GNOME Bugzilla – Bug 312910
support running builds in parallel
Last modified: 2021-05-17 15:48:53 UTC
So, given that SMP is getting bigger, and we've actually now had two offers to do tinderbox hosting on 8-way boxes, it would be sweet if jhbuild could parallelize, and launch builds for multiple modules at once. i.e., there are several modules that formally depend only on gtk (including the beast known as mozilla); it would be nice if they would all (or up to -j # of them) would launch their builds when gtk finishes building. Ditto for all of gtk's deps that don't formally have gtk deps, etc. [Am I making sense?]
This is somewhat related to bug 133567. The easiest way to do this would be by refactoring the system to use threads and async queues: * 1 manager thread, a number of worker threads * an async queue of "packages to build", one for "built packages" The manager thread would do the following: 1. from the set of all packages to build, push each package with no dependencies onto the "packages to build" async queue. 2. pop an item off the "built packages" queue and add it to the "built packages" set. Any packages to be built that now have their dependencies met are pushed onto the "packages to build" async queue. 3. go to step 2. The worker threads would do the following: 1. pop a package off the "packages to build" async queue. 2. build the package 3. if the package build succeeded, push it to the "built packages" async queue 4. go to step 1. There are a few things that would need to be worked out, including: * make everything terminate when everything has been built * handle packages that fail to build * not obvious how to handle output in the normal "jhbuild build" interactive mode. To handle async download/compile as requested in bug 133567, another thread would be introduced, which would go through the full package list, doing the downloads/updates, and then feeding packages to the manager thread.

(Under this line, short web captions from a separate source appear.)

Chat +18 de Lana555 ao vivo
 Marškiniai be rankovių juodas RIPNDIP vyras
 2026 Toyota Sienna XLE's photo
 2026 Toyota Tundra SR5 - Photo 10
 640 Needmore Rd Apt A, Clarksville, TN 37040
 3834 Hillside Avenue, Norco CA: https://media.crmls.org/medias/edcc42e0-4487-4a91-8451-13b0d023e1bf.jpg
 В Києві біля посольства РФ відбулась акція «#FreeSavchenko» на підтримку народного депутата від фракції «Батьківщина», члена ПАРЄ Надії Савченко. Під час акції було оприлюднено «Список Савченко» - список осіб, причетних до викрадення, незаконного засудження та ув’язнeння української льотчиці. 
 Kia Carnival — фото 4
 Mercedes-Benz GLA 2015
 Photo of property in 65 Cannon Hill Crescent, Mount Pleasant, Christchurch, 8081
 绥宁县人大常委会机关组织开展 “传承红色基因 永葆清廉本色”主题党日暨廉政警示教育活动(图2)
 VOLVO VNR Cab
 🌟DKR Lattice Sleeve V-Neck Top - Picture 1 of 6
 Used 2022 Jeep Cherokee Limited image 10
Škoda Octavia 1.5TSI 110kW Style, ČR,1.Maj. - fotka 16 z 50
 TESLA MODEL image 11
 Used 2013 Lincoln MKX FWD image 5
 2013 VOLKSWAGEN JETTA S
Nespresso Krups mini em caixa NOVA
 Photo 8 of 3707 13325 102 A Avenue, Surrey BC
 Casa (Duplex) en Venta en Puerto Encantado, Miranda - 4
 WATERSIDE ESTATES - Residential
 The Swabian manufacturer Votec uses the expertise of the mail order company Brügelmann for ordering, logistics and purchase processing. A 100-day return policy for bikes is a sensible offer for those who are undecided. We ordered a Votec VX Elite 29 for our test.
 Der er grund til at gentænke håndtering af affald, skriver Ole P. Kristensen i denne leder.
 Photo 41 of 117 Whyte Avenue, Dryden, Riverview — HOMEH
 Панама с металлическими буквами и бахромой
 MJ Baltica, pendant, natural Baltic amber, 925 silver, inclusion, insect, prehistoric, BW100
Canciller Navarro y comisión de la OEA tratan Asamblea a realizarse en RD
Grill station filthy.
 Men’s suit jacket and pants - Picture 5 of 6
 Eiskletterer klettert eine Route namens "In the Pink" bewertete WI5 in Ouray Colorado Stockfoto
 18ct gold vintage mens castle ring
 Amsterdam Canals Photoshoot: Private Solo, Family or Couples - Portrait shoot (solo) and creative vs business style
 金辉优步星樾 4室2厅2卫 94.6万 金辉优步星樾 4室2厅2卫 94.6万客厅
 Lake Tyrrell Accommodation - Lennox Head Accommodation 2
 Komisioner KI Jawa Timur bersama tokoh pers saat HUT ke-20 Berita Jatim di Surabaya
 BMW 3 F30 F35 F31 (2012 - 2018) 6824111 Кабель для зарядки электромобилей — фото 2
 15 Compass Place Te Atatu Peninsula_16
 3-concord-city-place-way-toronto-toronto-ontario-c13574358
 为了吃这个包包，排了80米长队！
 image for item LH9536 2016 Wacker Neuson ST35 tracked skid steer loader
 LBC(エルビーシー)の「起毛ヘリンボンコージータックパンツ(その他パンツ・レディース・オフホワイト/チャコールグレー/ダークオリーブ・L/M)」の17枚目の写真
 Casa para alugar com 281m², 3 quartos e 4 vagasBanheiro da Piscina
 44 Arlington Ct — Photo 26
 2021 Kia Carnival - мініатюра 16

Some further thoughts on how to handle parallel builds in the normal interactive "jhbuild build" mode: 1. Run all build commands such that their output is piped through jhbuild (already done by tinderbox, and for CVS checkouts). 2. Require worker threads to hold a mutex when printing the output to the screen. 3. Hold the mutex when showing the "error occurred" menu so other worker threads block. This would result in mixed output, but shouldn't be much more confusing than parallel make. Handling the index page for the tinderbox mode, the manager thread could be responsible for this when it reads a package from the "built packages" async queue (which should probably be a "build status" async queue instead).
Notes added here: http://live.gnome.org/JhbuildParallelBuild
I've been updating the jhbuild code to get rid of dependence on the chdir() call, since it can cause problems with multiple threads running at once. This should make it easier to implement some kind of concurrent build system like this. There is still a lot of work to do before something like this would be possible though.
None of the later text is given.